On Dylan's 'Plagiarism'

As some of you may have heard, Bob Dylan has been charged with plagiarizing from a Japanese novelist. If you haven't, info can be found here and here.

I'm not sure how much to make of any of this, partly because the links are pretty tenuous (the phrases I've seen compared are not especially 'unique'), and because I have some doubt about whether or not Dylan was actualyl exposed to the works of the novelist in question, Junichi Saga. But even if the lyrics are 'lifted' in one form of another, I'm reminded of these words from a little-read article on Van Morrison, here talking about the song Real Real Gone:
The song, perhaps more than saying anything per se, functions as [a] textbook example of how Morrison uses allusions in his songs: sometimes they are clear, even quoted (as with the closing roll-call that begins with "Wilson Pickett said..."); others are at once obvious and sublime. Consider, for example, how lyrics from Leon Russell's A Song For You ("You're a friend of mine") and The Beatles' Help ("Don't you know I need your help") climb almost seamlessly into the text of the song, and without emphasis being placed on their original source. Even the song's title, from a John Lee Hooker song of the same name, is embroidered into the lyric in such a way as to be patently obvious to the careful listened but almost oblivious to the careless one. It is as if Van Morrison has stolen a brick from every house in the neighbourhood and built his own home from the profits.
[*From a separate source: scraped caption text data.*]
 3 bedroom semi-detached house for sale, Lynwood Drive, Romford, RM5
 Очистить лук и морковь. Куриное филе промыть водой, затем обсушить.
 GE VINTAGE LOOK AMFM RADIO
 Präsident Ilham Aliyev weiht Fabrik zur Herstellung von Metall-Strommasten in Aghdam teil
This kind of lyrical thievery is not necessarily to be dismissed: T.S. Eliot's The Waste Land probably commits more thievery than any poem of the twentieth century. Instead, an awareness of how a work takes from other works can add depth and texture to an understanding of what a song (or poem) can mean.

Artistic 'lifting'-- if that is indeed the case-- is always a difficult notion to assess, and it can become bloody impossible to tell if the artist in question is stealing, alluding, or using another form, often called 'collage.' Lines, for example, can become what are called objets trouvees, 'found objects,' that are put together in new forms and fashions, as, say images and logos from magazines can be pieced together in a collage. The trick is understanding the reshaping and the remaking of their surrounding context.
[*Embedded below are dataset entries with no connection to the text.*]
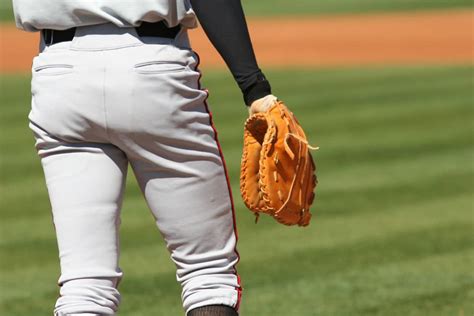 7 Reasons Why Baseball Players Wear Arm Sleeves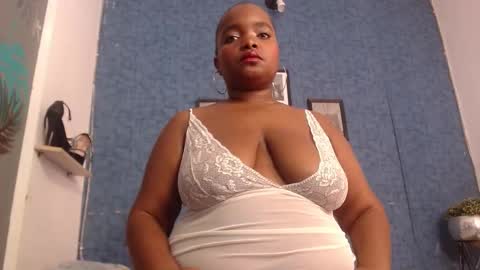 ISABELLA online show from 11/09/25, 11:41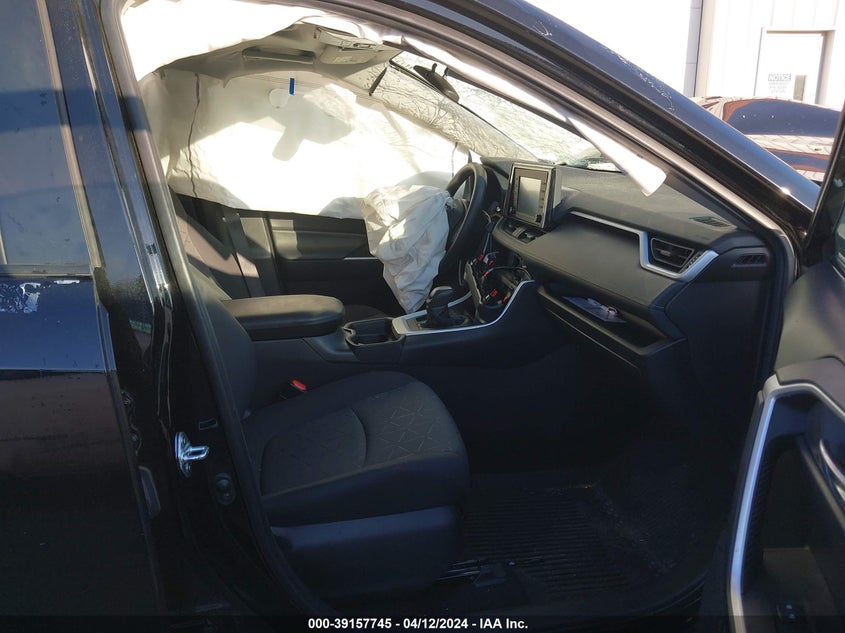 2021 TOYOTA RAV4 XLE - 2T3W1RFV2MC112428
This is always an interesting issue. Is Marianne Moore plagiarizing when she includes fragments from newspapers in her poems? Is Eliot? And, even more interesting, is the scenario of the infamous Ern Malley scandal, for which I'd recommend people consult Michael Heyward's book The Ern Malley Affair, one of the more hilarious examples of Theivery For A Purpose.
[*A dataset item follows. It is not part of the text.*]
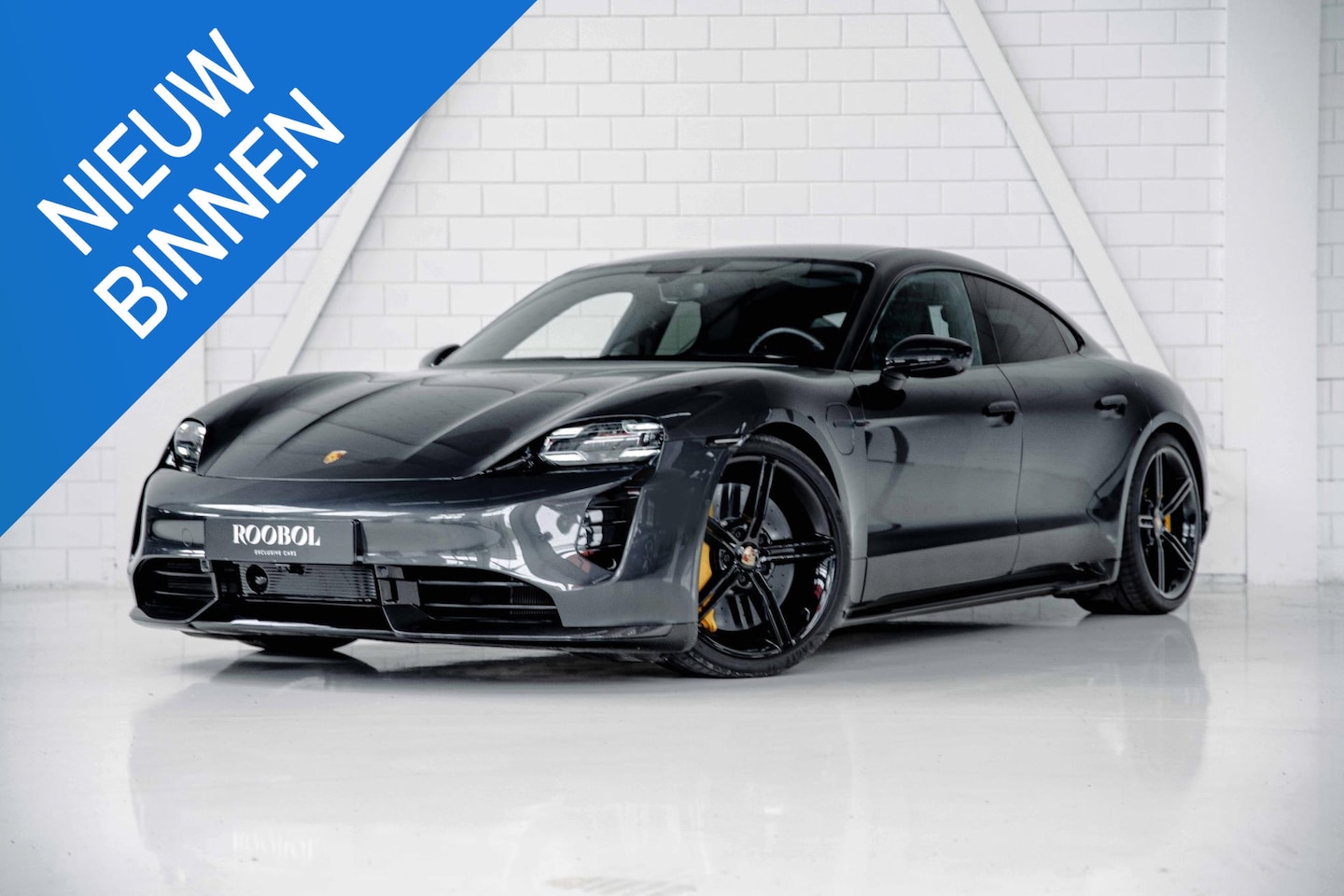 Porsche Taycan - Turbo S l Sport Design Carbon l Burmester - AutoWereld.nl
So, as for Dylan, I'll have to reserve judgment and wait for more-- including my own listening of Dylan's album, and my own reading of Saga's novel. But, even in Dylan's own canon, this is nothing particularly new, so I have to wonder what the fuss is really all about. I'm at least pleased to see Saga is not contemplating suing.

The quote, by the way (so I won't be charged with plagiarism) is from "Beautiful Revision: The Fearful Symmetries of Van Morrison and William Blake," an article in Wavelength 10 (December 1996), by Jeremy Sharp. I assure you, Mr. Sharp will have no problem with my quoting him here; he and I are very familiar with one another.